[Captioned web images]
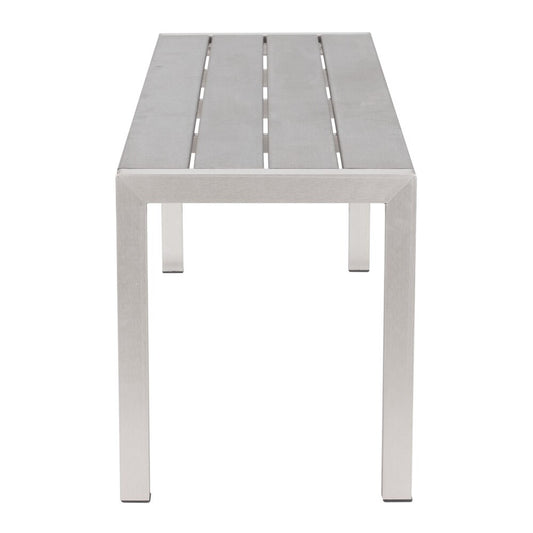 Zuo Modern - Metropolitan Double Bench Gray & Silver - 701862 veiw 2
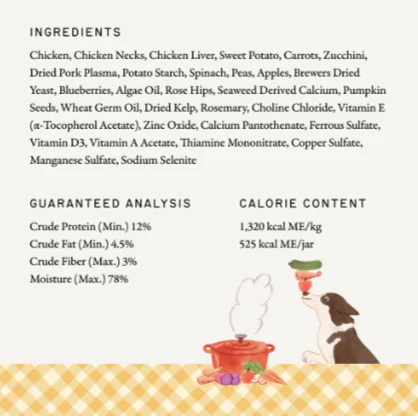 humbl Country Chicken Frozen Dog Food, 14oz - Image 4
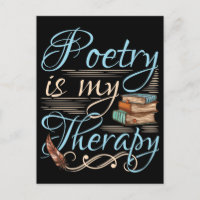 Poetry Is My Therapy Cute Poet Poem Writer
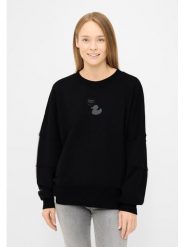 Derbe Bluza w kolorze czarnym rozmiar: S. Czarne bluzy damskie Derbe, s, bez wzorów, z bawełny, bez kaptura. Za 183.59 zł.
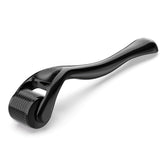 Linduray Skincare titanium derma roller for the face improves product absorption.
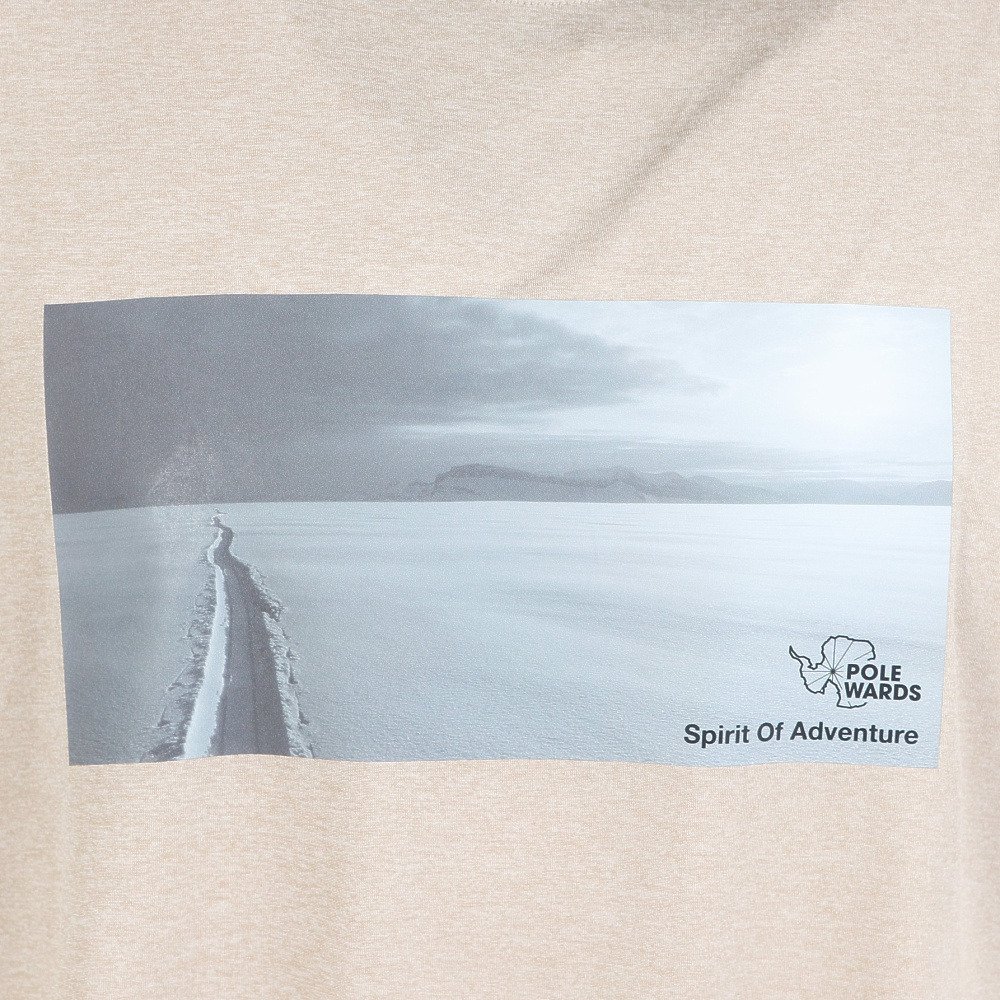 ポールワーズ（POLEWARDS）（メンズ）半袖Tシャツ The PathofLife PW2VDZ16 BEG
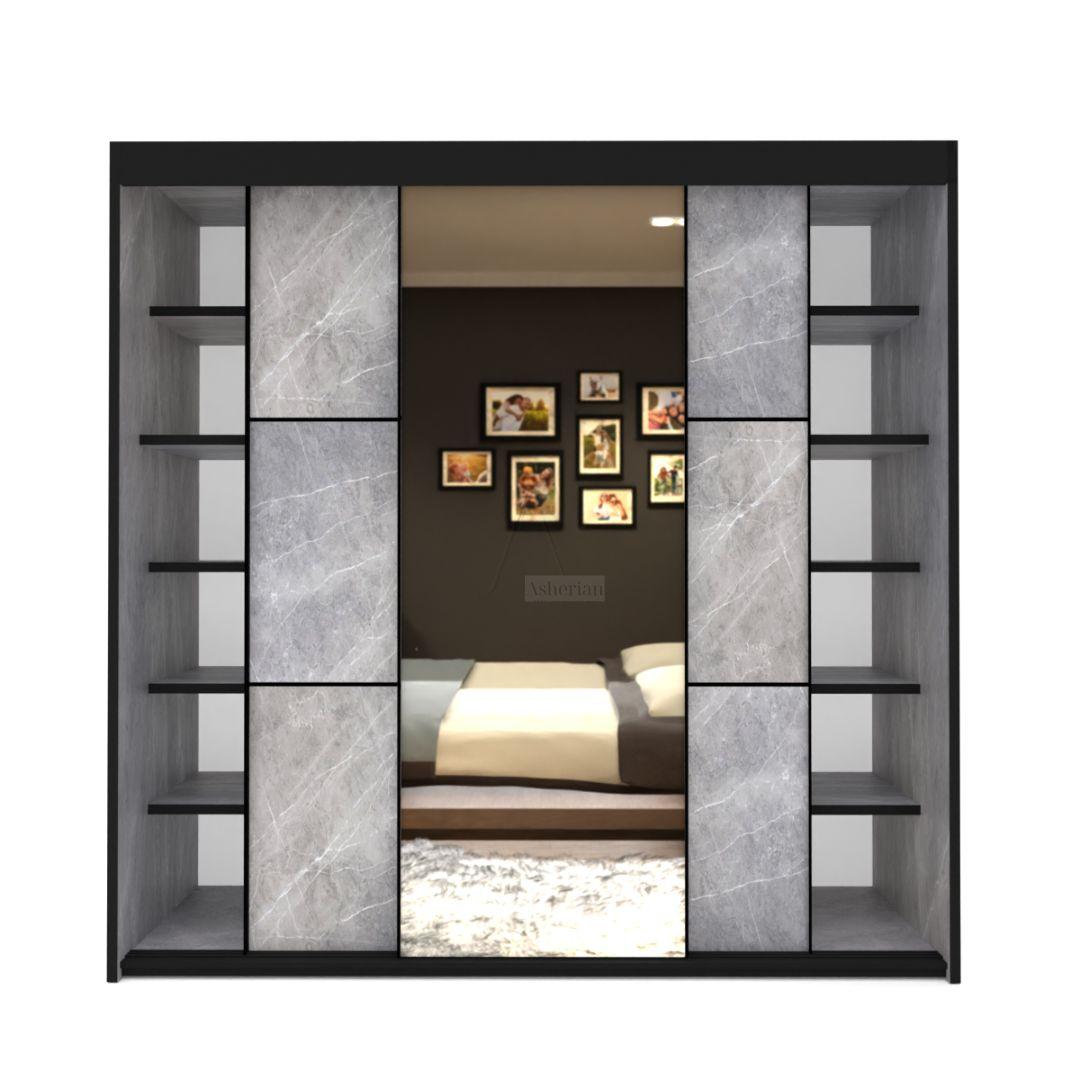 KFIR | ארון הזזה איכותי עם מראה ומגירות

▶ Task to complete
Copy every record exactly, without the pictures.

▶ Result
 Zuo Modern - Metropolitan Double Bench Gray & Silver - 701862 veiw 2
 humbl Country Chicken Frozen Dog Food, 14oz - Image 4
 Poetry Is My Therapy Cute Poet Poem Writer
 Derbe Bluza w kolorze czarnym rozmiar: S. Czarne bluzy damskie Derbe, s, bez wzorów, z bawełny, bez kaptura. Za 183.59 zł.
 Linduray Skincare titanium derma roller for the face improves product absorption.
 ポールワーズ（POLEWARDS）（メンズ）半袖Tシャツ The PathofLife PW2VDZ16 BEG
 KFIR | ארון הזזה איכותי עם מראה ומגירות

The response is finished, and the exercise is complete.